Assigned task :: In the data below, set down exactly the lines from the one containing "BATUM. Vaso de" up to and including the one containing "Close-up of a". Leave the pictures out.

Data segment ::
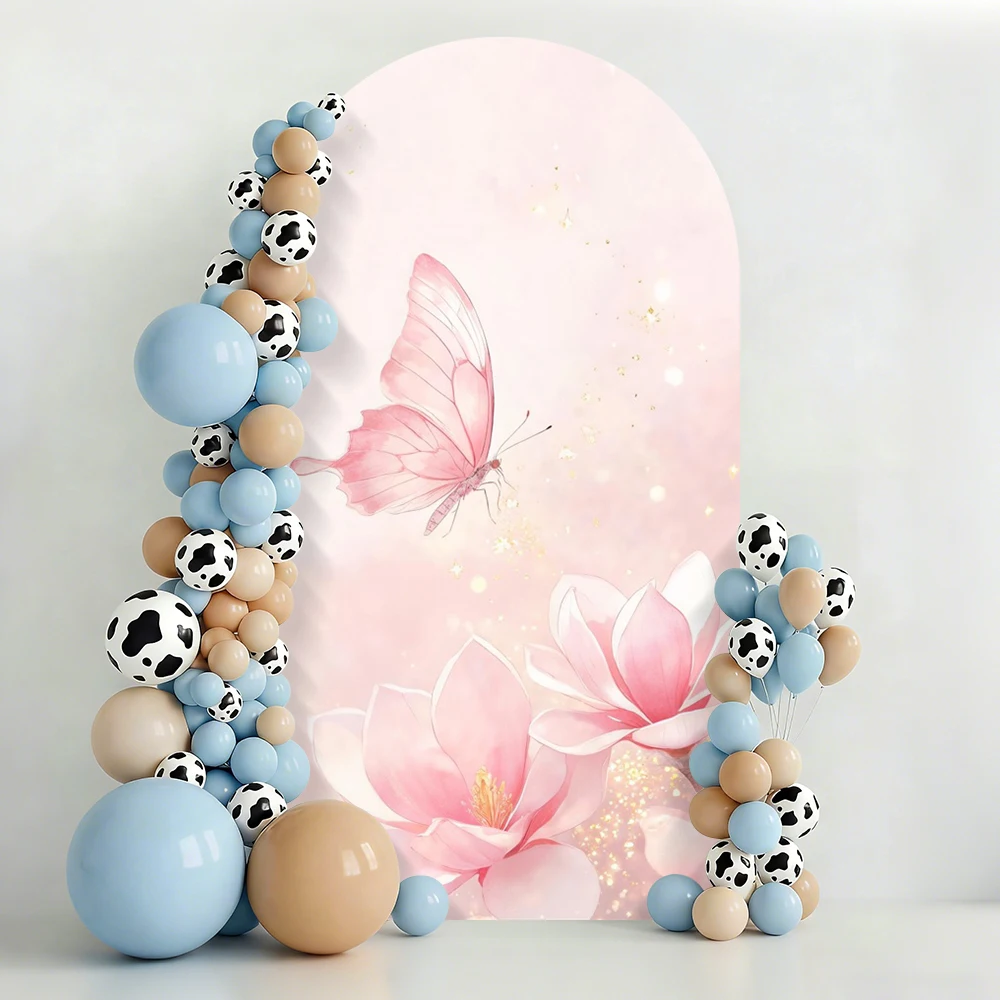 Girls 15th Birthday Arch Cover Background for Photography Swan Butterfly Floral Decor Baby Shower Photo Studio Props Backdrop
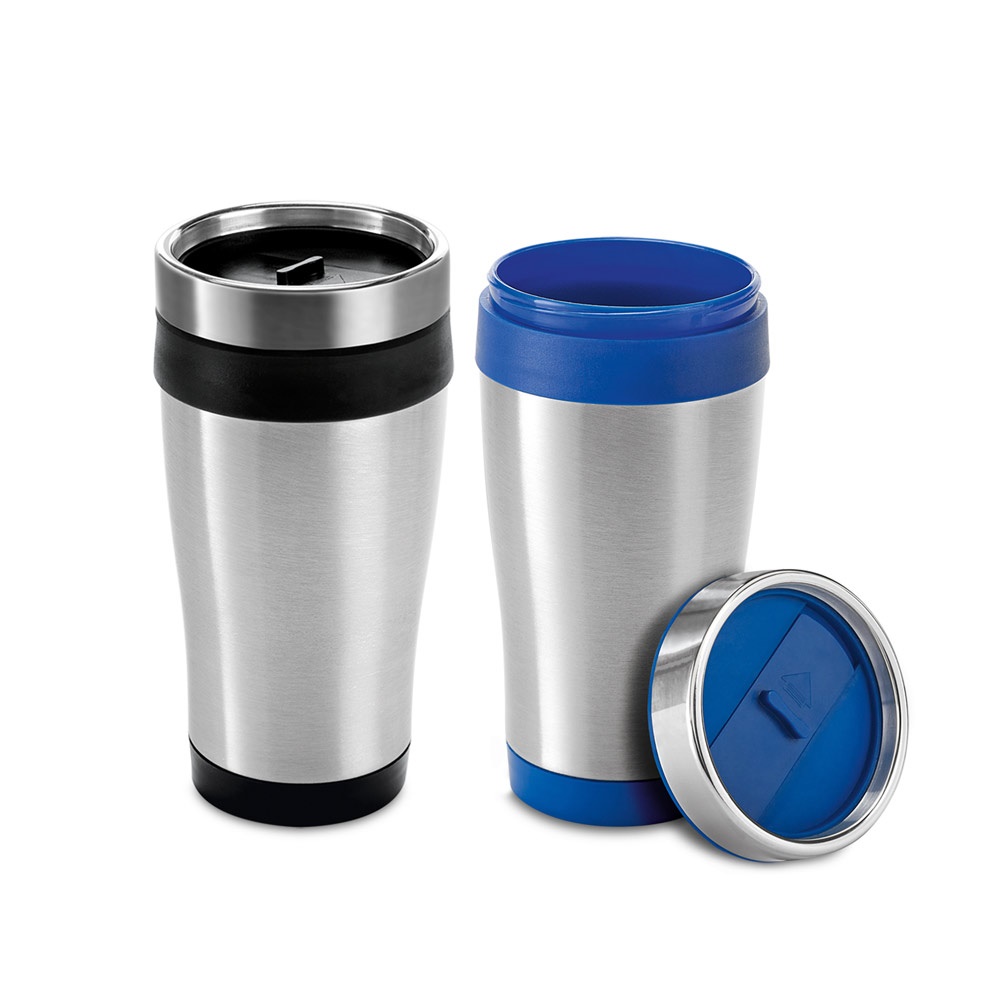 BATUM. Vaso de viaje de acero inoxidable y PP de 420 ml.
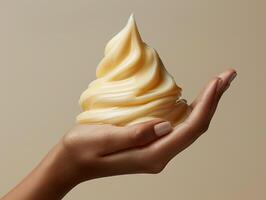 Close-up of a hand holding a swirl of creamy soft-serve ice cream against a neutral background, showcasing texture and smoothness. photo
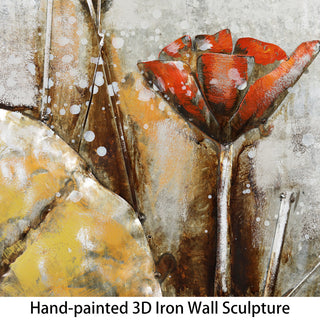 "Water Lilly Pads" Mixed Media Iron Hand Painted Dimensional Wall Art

Exercise solution ::
 BATUM. Vaso de viaje de acero inoxidable y PP de 420 ml.
 Close-up of a hand holding a swirl of creamy soft-serve ice cream against a neutral background, showcasing texture and smoothness. photo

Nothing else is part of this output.